**What you will do:**
Reproduce exactly, from the data that follows, the line with "Happy Chinese new", the line with "グッチ ロゴプリント ショルダーバッグ", and every line that lies between them.

**Task material:**

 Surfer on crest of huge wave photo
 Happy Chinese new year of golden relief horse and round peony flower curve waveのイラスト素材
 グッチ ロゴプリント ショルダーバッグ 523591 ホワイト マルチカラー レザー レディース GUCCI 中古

...

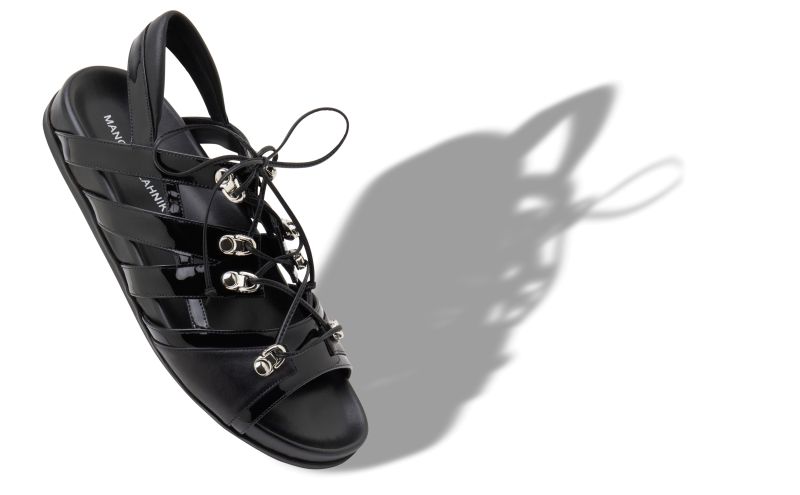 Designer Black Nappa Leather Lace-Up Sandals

...

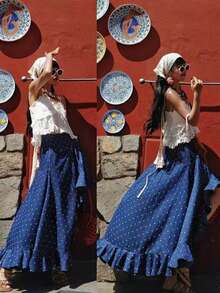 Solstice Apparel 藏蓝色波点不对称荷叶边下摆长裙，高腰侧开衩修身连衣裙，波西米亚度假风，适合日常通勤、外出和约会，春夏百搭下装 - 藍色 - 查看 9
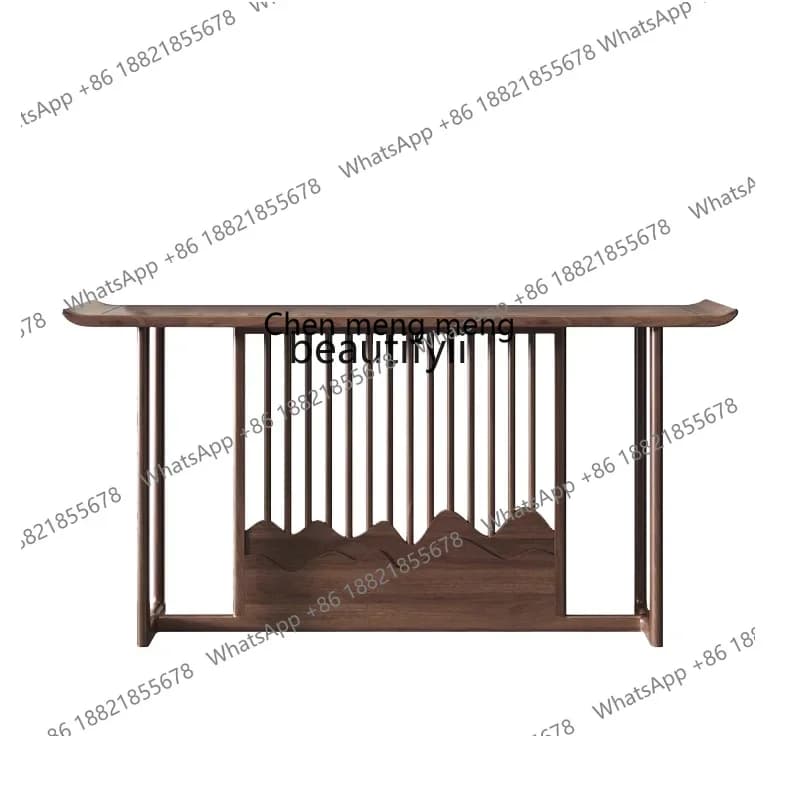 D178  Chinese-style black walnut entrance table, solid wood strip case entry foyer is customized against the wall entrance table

**Response to the task:**
 Happy Chinese new year of golden relief horse and round peony flower curve waveのイラスト素材
 グッチ ロゴプリント ショルダーバッグ 523591 ホワイト マルチカラー レザー レディース GUCCI 中古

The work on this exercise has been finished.